Пожалуй, самой поразительной чертой федоровской концепции является своеобразный и могущий все обеспечить проективизм. Хотя он отчетливо перекликается с подходом и идеологией конструктивистского рационализма, вместе с тем, он существенно от него отличен. Воздавая должное человеческому разуму, Н.Ф. Федоров весьма далек от понимания рациональности Нового времени, рациональности современной ему науки, одного из предметов его острой критики. Будучи принципиальным сторонником цивилизации аграрного типа, он и науку предполагает спроектировать на соответствующий лад[xi]. Здесь соединяются выраженное до крайности приятие коллективизма вместе с натурфилософией отчетливо магического толка с присущим ему активизмом. Для того чтобы вникнуть в самые истоки убежденности Федорова в осуществимость его проекта, следует со всем вниманием ознакомиться с предполагаемой им картиной изначального существования человечества. Она позволяет понять корни его космического оптимизма. Ввиду важности его идеи, позволим остановиться на ее подробном изложении. Исходным убеждением космизма и панморализма Федорова явилась вера в некое (предполагаемое) исходное состояние мира. Хотя, как он считал, мы не может его знать, «потому что мы знаем его только таким, каков он есть теперь; но, судя по Творцу, мы можем себе составить хотя отчасти и хотя некоторое только представление или предположение об этом мире невинности и чистоты» [Федоров 1995, 292]. Отношения первых людей к миру, согласно убеждению Федорова, следует уподобить отношению ребенка к своим органам, которыми он еще не владеет и не умеет ими управлять. И далее, он допускает возможность, что первые люди были существами, «которые должны были (и могли это сделать без страдания и боли) создать себе органы для существования во всех мирах и во всех средах и таким образом сделаться существами всеобщими, способными жить всюду? Отдав предпочтение наслаждению, человек не принял в обладание этих органов и не создал себе органов, соответствующих средам; и они, эти органы, т.е. все стихии, миры, атрофировались, парализировались, земля обратилась в резко изолированную планету, и уже с тех пор мысль и бытие перестали соответствовать друг другу. Вместо творческого процесса созидания себе органов, соответствующих средам, явилось питание, а потом и пожирание» [Федоров 1995, 292].
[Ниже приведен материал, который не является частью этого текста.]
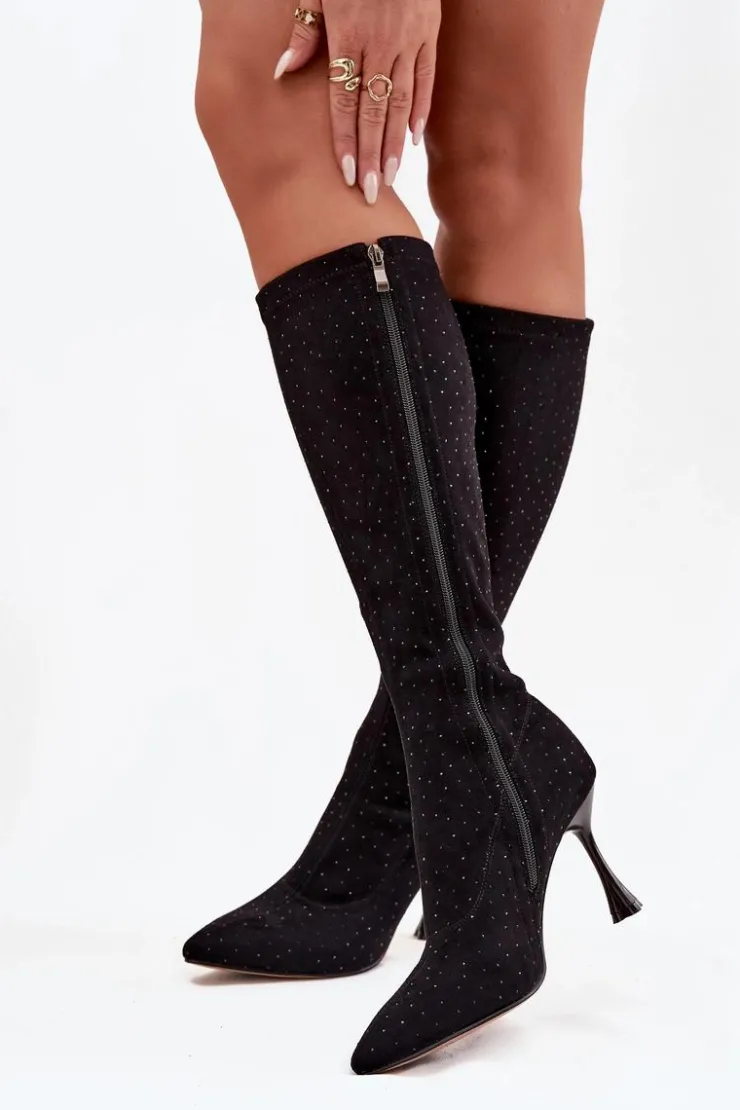 New D&A Kozaki Damskie Na Szpilce Ze Zdobieniem JC52-883 Czarne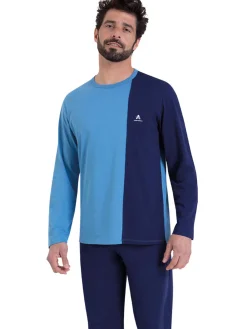 Homme Athéna Ensemble pyjama long col rond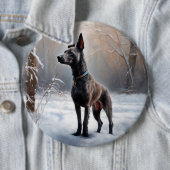 Badge Rond 15,2 Cm Xoloitzcuintli Laisser neiger Noël (En situation)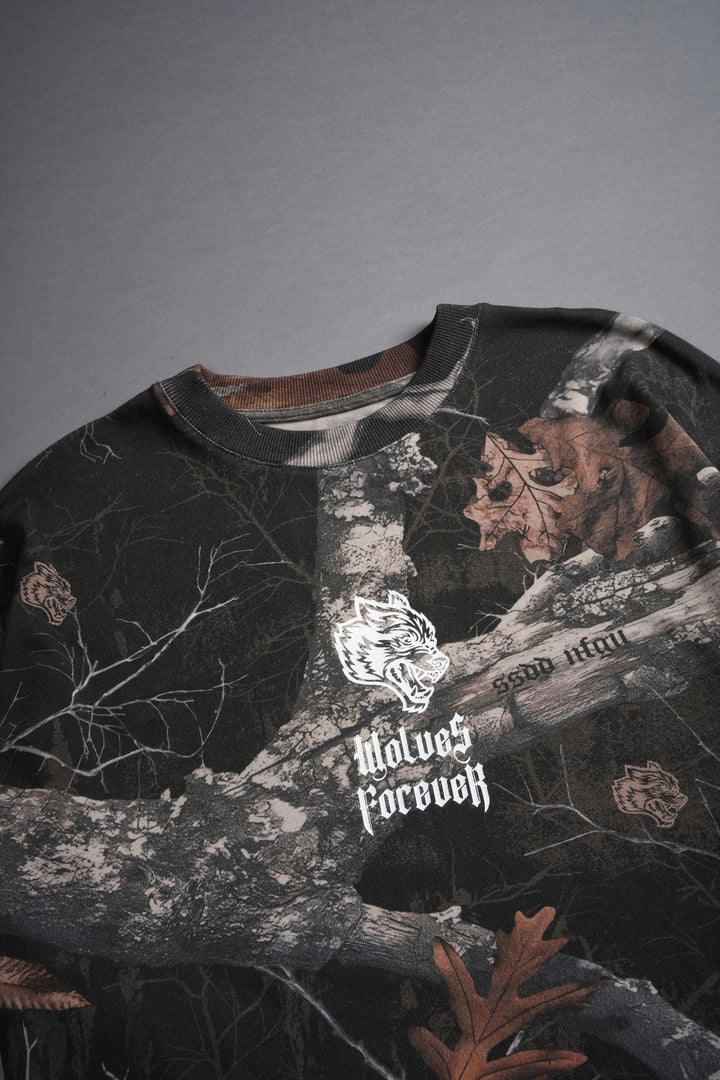 Everlasting "Premium" Oversized Tee in Darc Brown Woodland Camo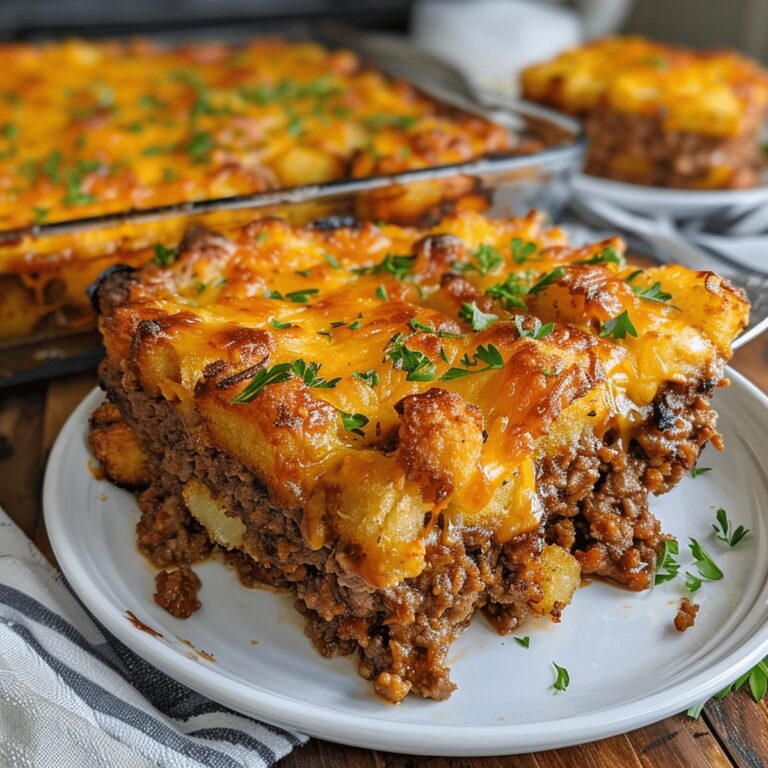 Cheesy Tater Tot Meatloaf Casserole Recipe
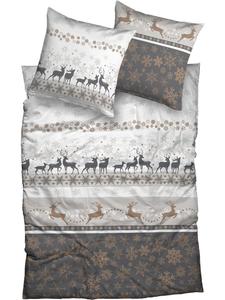 Фланелевое постельное белье белого и антрацитового цветов Casatex, 135x200 см (80x80 см)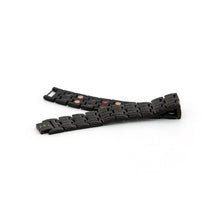 Pristine Black polished stainless steel bracelet unclasped and folded to display engraved pattern and link construction.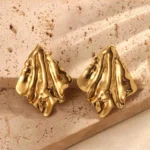Crumpled Silk Studs Earrings - Image 8
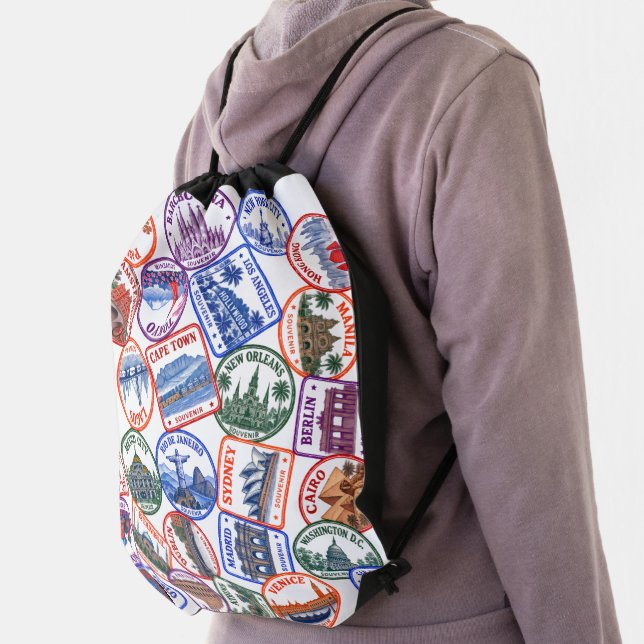 World cities passport stamp drawstring bag (Insitu)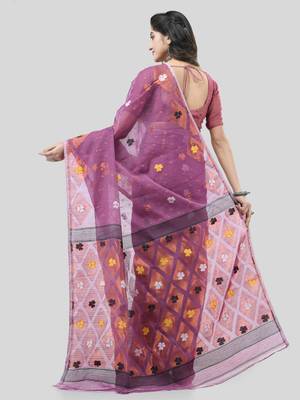 Purple Woven Cotton Self Design Handloomjamdani Sarees Without Blouse Piece 2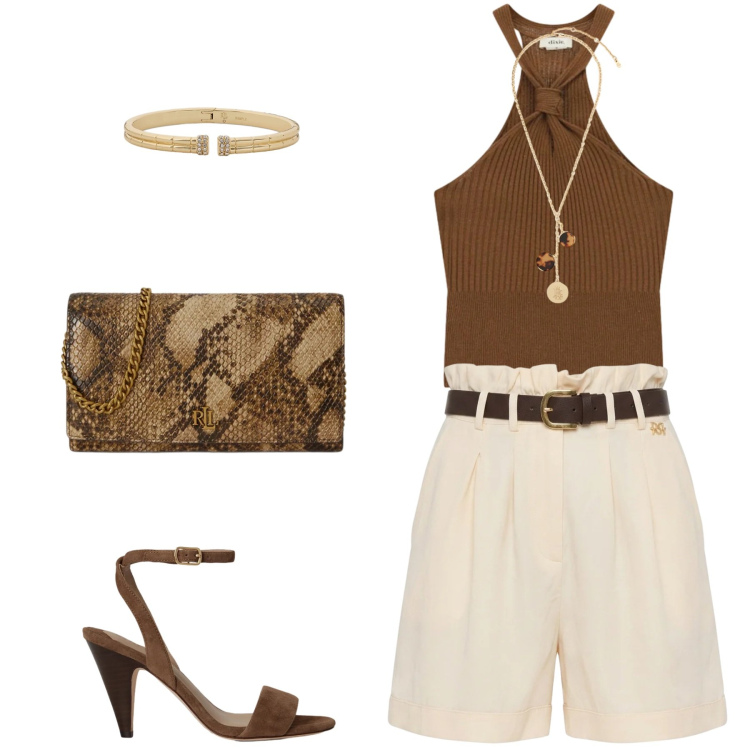 Outfit donna - Total look #2429161. Stile Chic per Serata fuori. Abbinamento con top, shorts, collane, braccialetti, borse a tracolla, sandali in pelle.
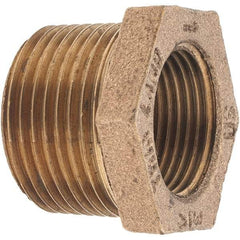Merit Brass - Class 125, 1 x 3/4" Internal Pipe, Brass Hex Bushing - MBSPT x FBSPT - Eagle Tool & Supply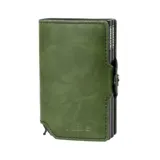 Billetera de cuero verde con doble compartimento de aluminio para tarjetas, con sistema de deslizamiento y tecnología RFID.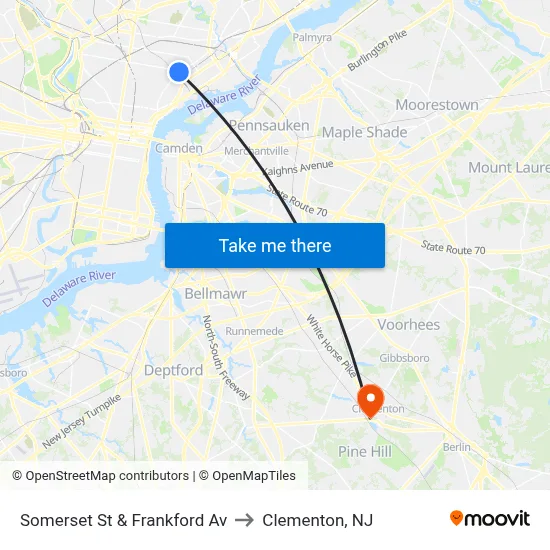 Somerset St & Frankford Av to Clementon, NJ map
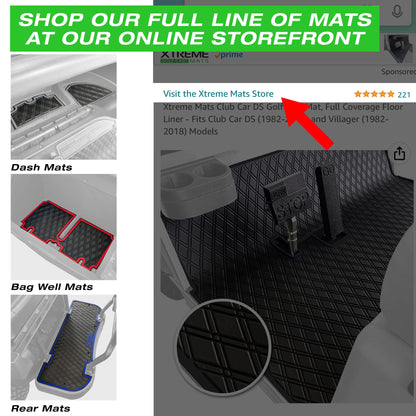 Xtreme Golf Cart Mats Rubber Floor Mat Compatible with Club Car Precedent (04-25), Onward & Tempo (17-25), Villager & V4L (19-24) Golf Cart Models | Full Coverage Liner Protection - Grey Trim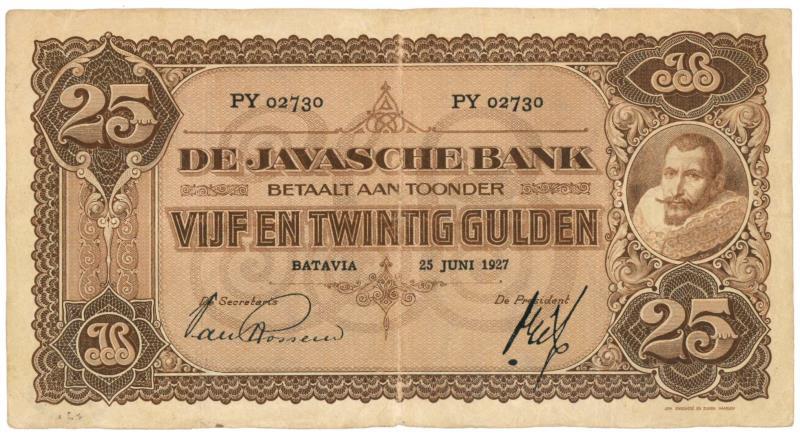 Netherlands-Indies. 25 gulden. Banknote. Type 1925. Jan Pieterszoon Coen - Very Fine -.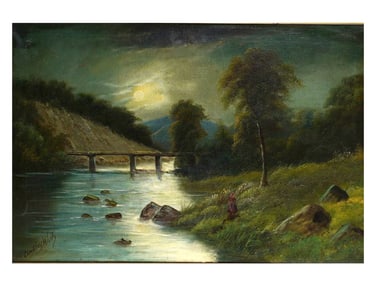 A DUDLEY WHITE SIGNED OIL ON CANVAS PAINTING 'THE MOORLAND BRIDGE', 19TH CEN.
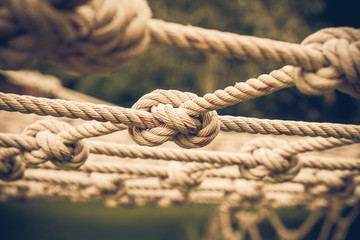Many Coil of rope with nature background.Vintage or retro tone.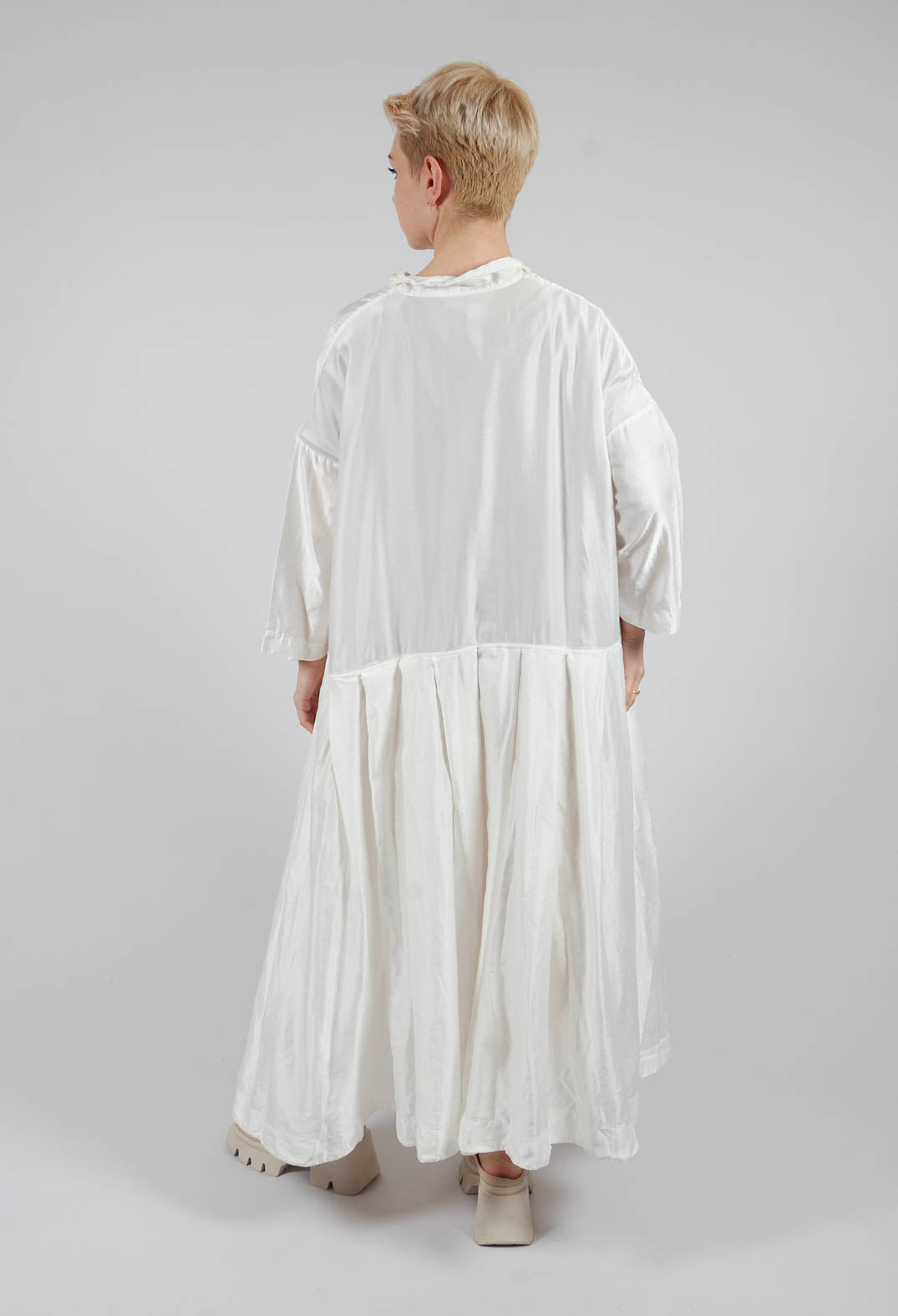 Pleated Collar Dress SC in Milk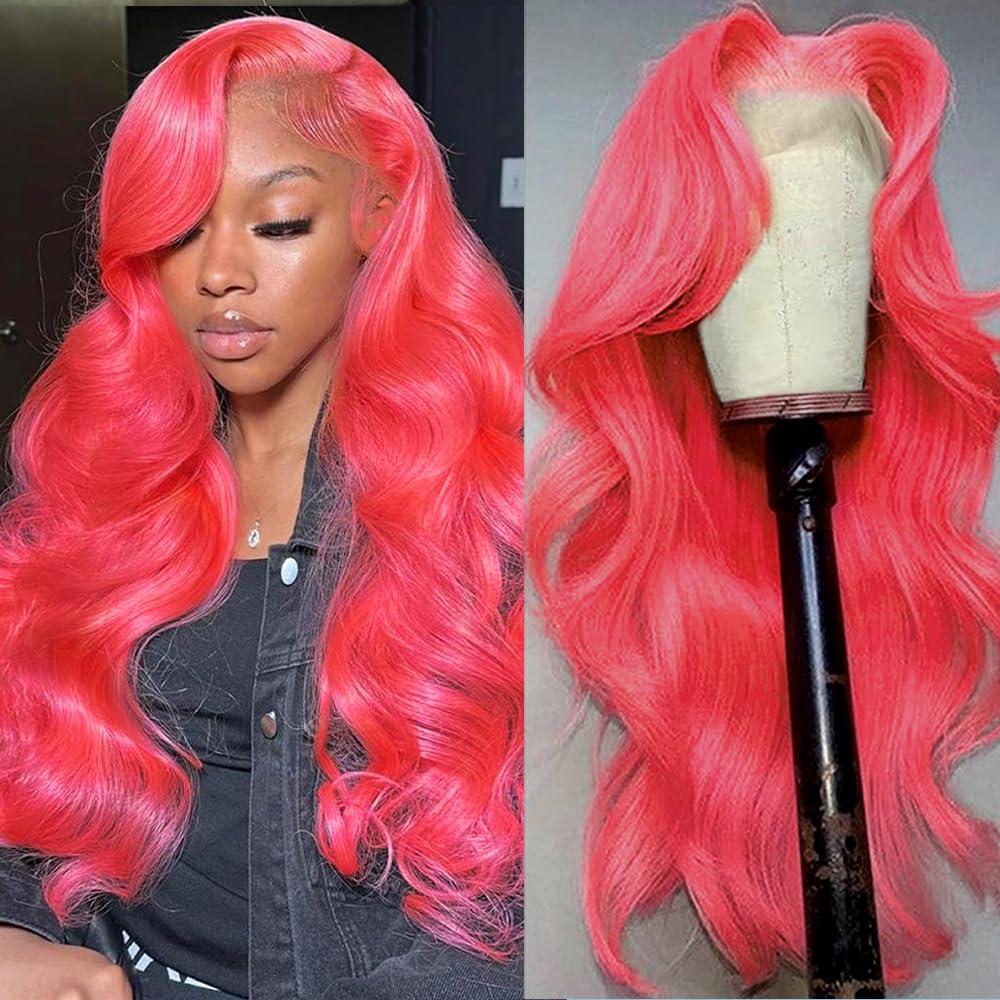 Colorful Bird Hot Pink Lace Front Wig Human Hair Body Wave 32 Inch 13x6 Hd Lace Frontal Wigs Glueless Pre Plucked with Baby Hair for Women 180% Density Red Pink Colored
Произошло то, что человек оказался во власти рока, подчинил себя земле, «причем рождение заменило художественный процесс воспроизведения себя в других существах, процесс, подобный рождению Сына от Отца, исхождению от Него Св. Духа. Далее размножение обратилось в необузданную родотворную силу, усилило борьбу, с увеличением рождения усилилась и смертность. Те проводники, коими могли быть регулируемы переходы явлений одних в другие, не принятые в управление, исчезли, и постепенные переходы обратились в перевороты, в грозы, засухи, землетрясения, словом, солнечная система обратилась в мир, в переменную звезду с одиннадцатилетним или иным каким-либо периодом всевозможных бедствий. Такою и знаем мы теперь эту систему. Так или иначе, во всяком случае, для самой достоверности знания солнечная система должна быть обращена в хозяйственную силу (курсив мой. – А.А.). Колоссальность солнечного мира в состоянии навести страх, и возражение естественно будет указывать на нашу малость. <…> Вопрос, очевидно, не в величине, и наша сравнительная малость и громадность указывают лишь на трудность, на чрезвычайную трудность, но не на невозможность. <…> Собирательный ум всех людей, работающих в течение многих поколений, конечно, был бы достаточно обширен, нужно только полное согласие, многоединство» [Федоров 1995, 292–293].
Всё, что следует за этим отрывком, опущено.